Hükumet ve Parti Kanadından ise; Başbakan Yardımcısı Yalçın AKDOĞAN, Dışişleri Bakanı Mevlüt ÇAVUŞOĞLU, Çalışma ve Sosyal Güvenlik Bakanı Faruk ÇELİK, Gıda, Tarım ve Hayvancılık Bakanı Mehdi EKER, İçişleri Bakanı Efgan ALA, Gençlik ve Spor Bakanı Akif Çağatay KILIÇ, Orman ve Su İşleri Bakanı Veysel EROĞLU, Hükumet Sözcüsü Beşir ATALAY, Gen. Bşk. Yrd. Mahir ÜNAL, Şanlıurfa Valisi İzzettin KÜÇÜK, Şanlıurfa B.Ş.Bld. Bşk. Celalettin GÜVENÇ Katıldı. Yaklaşık 7 saat süren yemekli toplantı Başbakan Davutoğlu’nun yarım saat süren ve basında-medyada oldukça geniş yer bulan konuşmasının ardından basına kapalı olarak sürdü. Moderasyonu bizzat Başbakan tarafından yapılan toplantıda Bakanların da tüm konuşmalardan notlar aldıkları görüldü. Başbakan Davutoğlu’nun her katılımcıya bizzat adıyla hitap etmesi ve zaman zaman esprili müdahaleleri toplantının sıcak bir atmosferde geçmesini sağladı. Eski Başbakan Hâlihazır Cumhurbaşkanı Recep Tayyip Erdoğan’ın aksine Sakin ve Mütevazı üslubuyla Başbakan Davutoğlu; Konuşmalardan aldığı notlar ve sorulan sorulara verdiği cevaplar ile daha yapıcı ve Çözüme yakın bir duruş sergiledi.
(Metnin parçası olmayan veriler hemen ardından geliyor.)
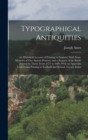 Typographical Antiquities : An Historical Account of Printing in England, With Some Memoirs of Our Antient Printers, and a Register of the Books Printed by Them, From 1471 to 1600, With an Appendix Co - Book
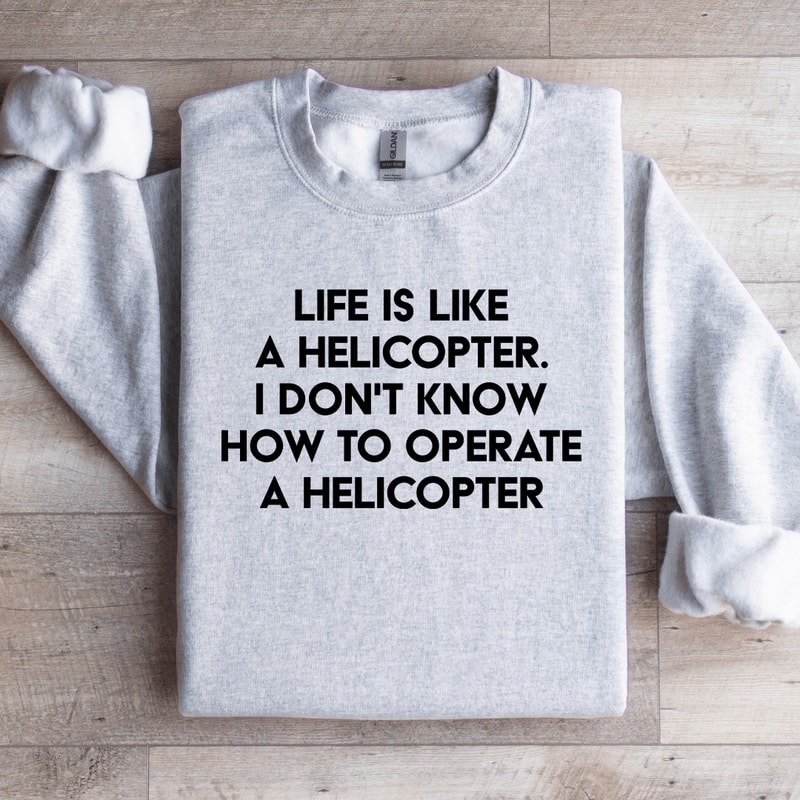 Life Is Like A Helicopter Sweatshirt 4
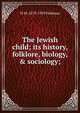 The Jewish child; its history, folklore, biology, & sociology;, W M. 1879-1939 Feldman 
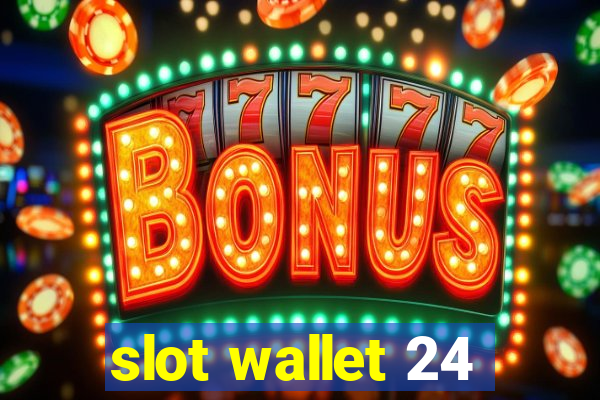 slot wallet 24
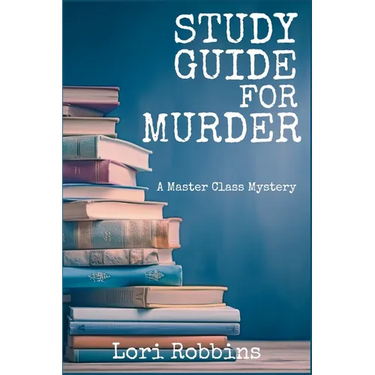 Study Guide for Murder: A Master Class Mystery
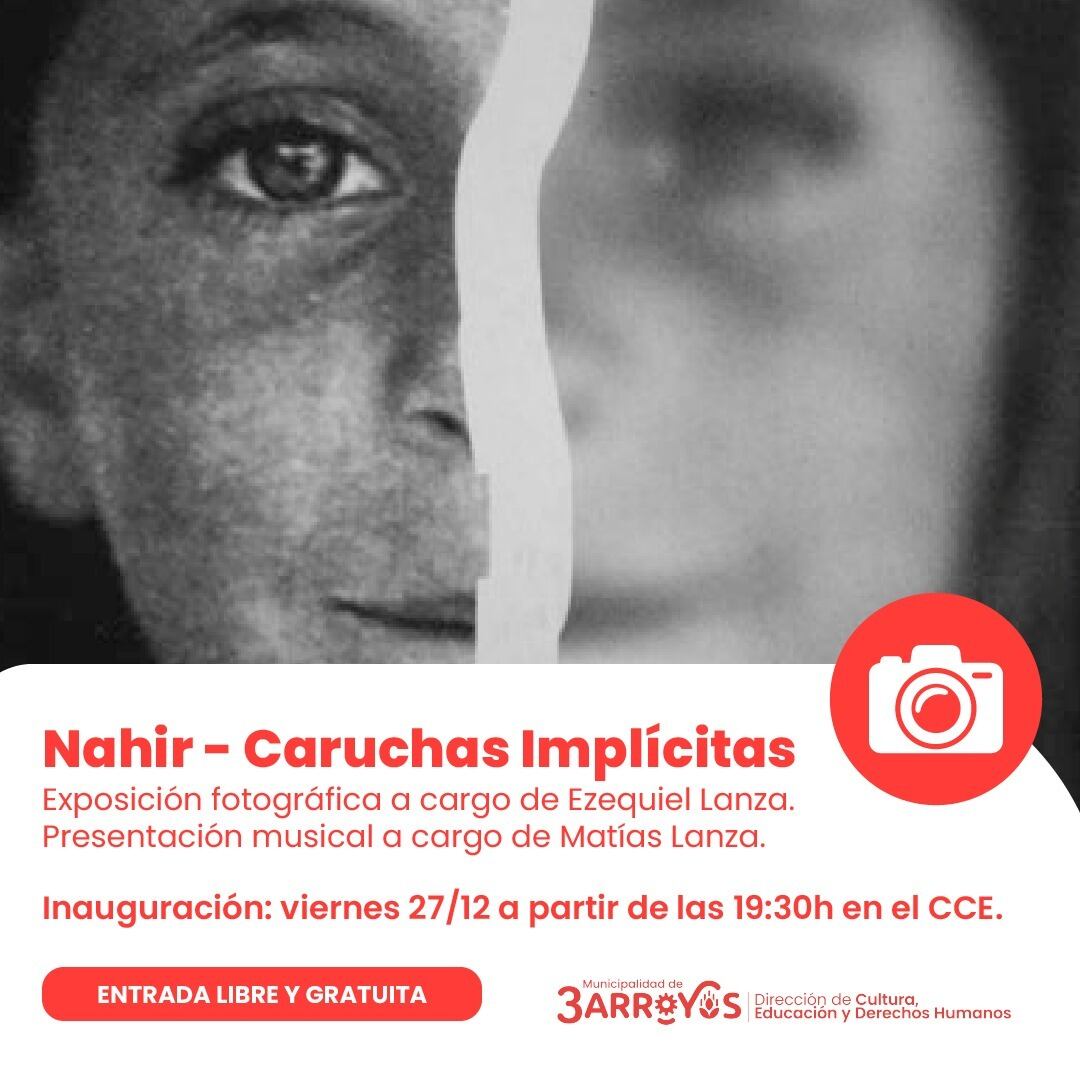 Inauguración de la Muestra Fotográfica "Nahir caruchas implícitas" en el Centro Cultural La Estación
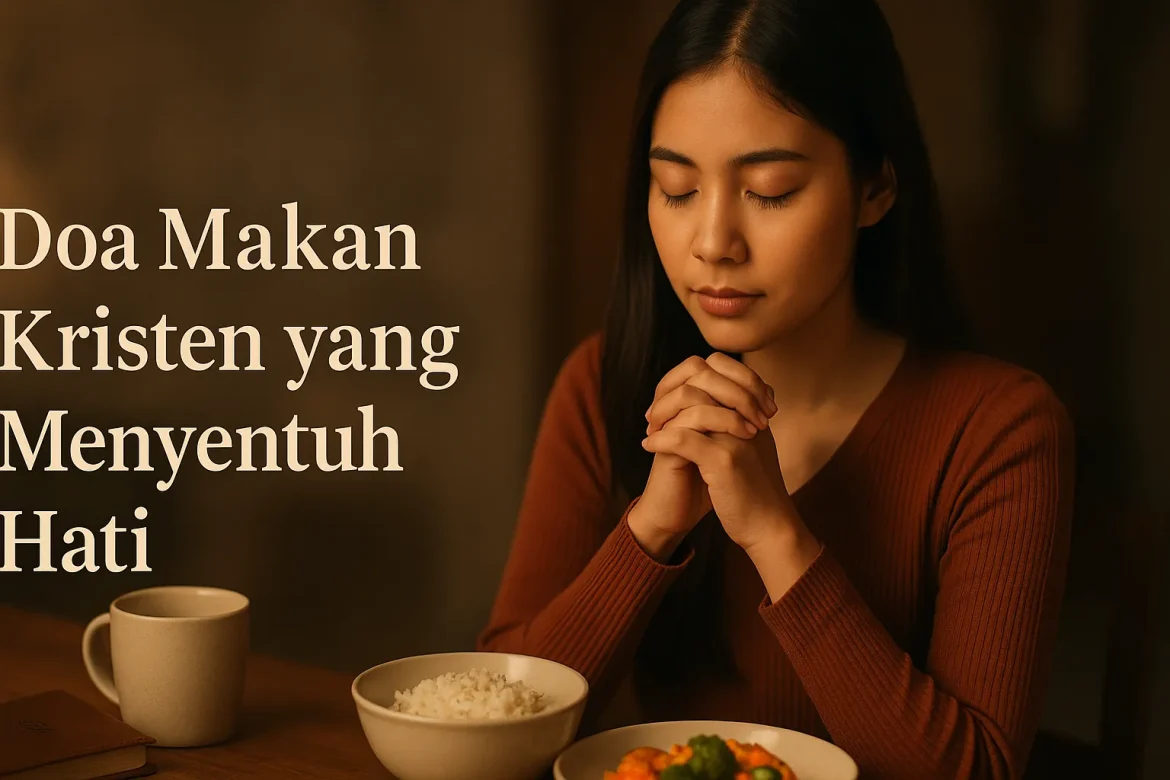 21 Doa Makan Kristen yang Menyentuh Hati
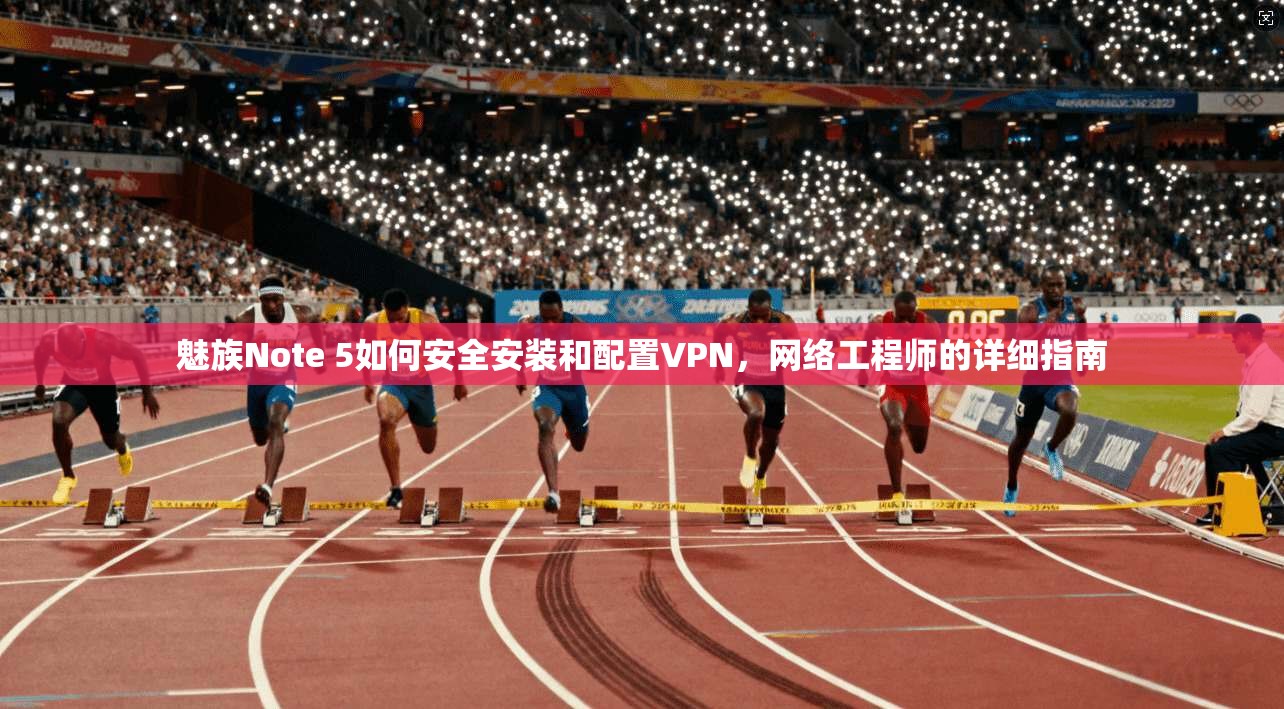 魅族Note 5如何安全安装和配置VPN，网络工程师的详细指南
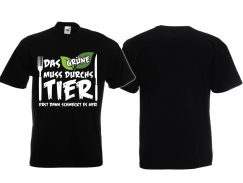 Frauen T-Shirt - Das Grüne muss durchs Tier, erst dann schmeckt es mir! Frauen T-Shirt - Das Grüne muss durchs Tier, erst dann schmeckt es mir!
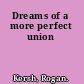 Dreams of a more perfect union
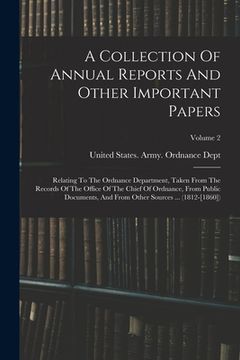 portada A Collection Of Annual Reports And Other Important Papers: Relating To The Ordnance Department, Taken From The Records Of The Office Of The Chief Of O (en Inglés)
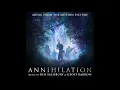 Ben Salisbury & Geoff Barrow - Annihilation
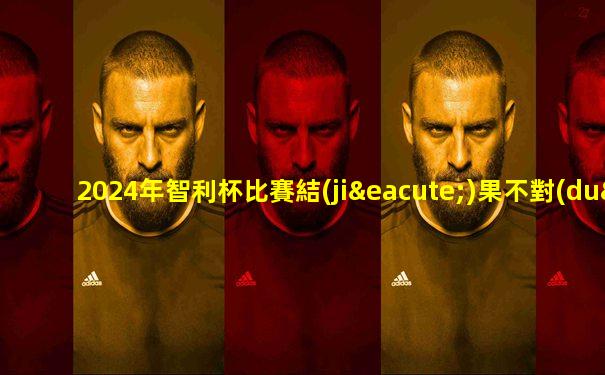 2024年智利杯比賽結(jié)果不對(duì)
Söz sırasının bana gelmesi ile benden önceki konuşmacıların değindiği konularda tekrara düşmemek için hiç hazırlanmamış olmama rağmen Başbakanın açılış konuşmasında ifade ettiği ‘Raydan çıkmış olan Çözüm Süreci Trenini yeniden nasıl rayına oturtabiliriz? Cümlesini esas alarak 5 dakika ile sınırlı olan konuşmamı yaptım. Adalet ve Kalkınma Partisinin 1. ve 2. Hükumetinin ilk yarısında yarattığı demokratikleşme ve açılım rüzgarını yeniden görmek istiyoruz, son yıllarda bizlere yaşattığınız “iki ileri bir geri” politikaları ile şaşırmak istemiyoruz. Özellikle Kobanê süreci ve 6-7-8 Ekim olayları ile ciddi kırılma yaşanan süreç ile ilgili görüşlerimi ifade ettim. Geçtiğimiz günlerde Dersim’e yaptığınız ziyarette kentin girişindeki tepeye yazılan “Güçlüyüz, Cesuruz, Hazırız-Komando” yazısını görüp görmediğini, gördüyse tarihin en önemli katliamlarından birine tanıklık etmiş o coğrafyada bu yazıyı okuyunca yüreğinin sızlayıp sızlamadığını sordum. Neye hazırlar? Yeni bir Katliama mı? Her gün o yazıyı okuyarak kente giriş çıkış yapan binlerce Dersimli ile empati kurmasını önerdim. Tıpkı koyduğumuz yoğun tepkiler üzerine bir katil olan Org. Mustafa Muğlalı’nın adının Van’ın Özalp ilçesi girişindeki kışladan Başbakan Recep Tayyip Erdoğan’ın Gen. Kur. Bşk.’na emir vermesi üzerine derhal kaldırıldığını ifade ettim. Kendilerinin de bu ve benzeri ırkçı-şoven içerikli yazıların coğrafyamızdan kaldırılmasını sağlayarak önemli bir adım atabileceklerini ifade ettim.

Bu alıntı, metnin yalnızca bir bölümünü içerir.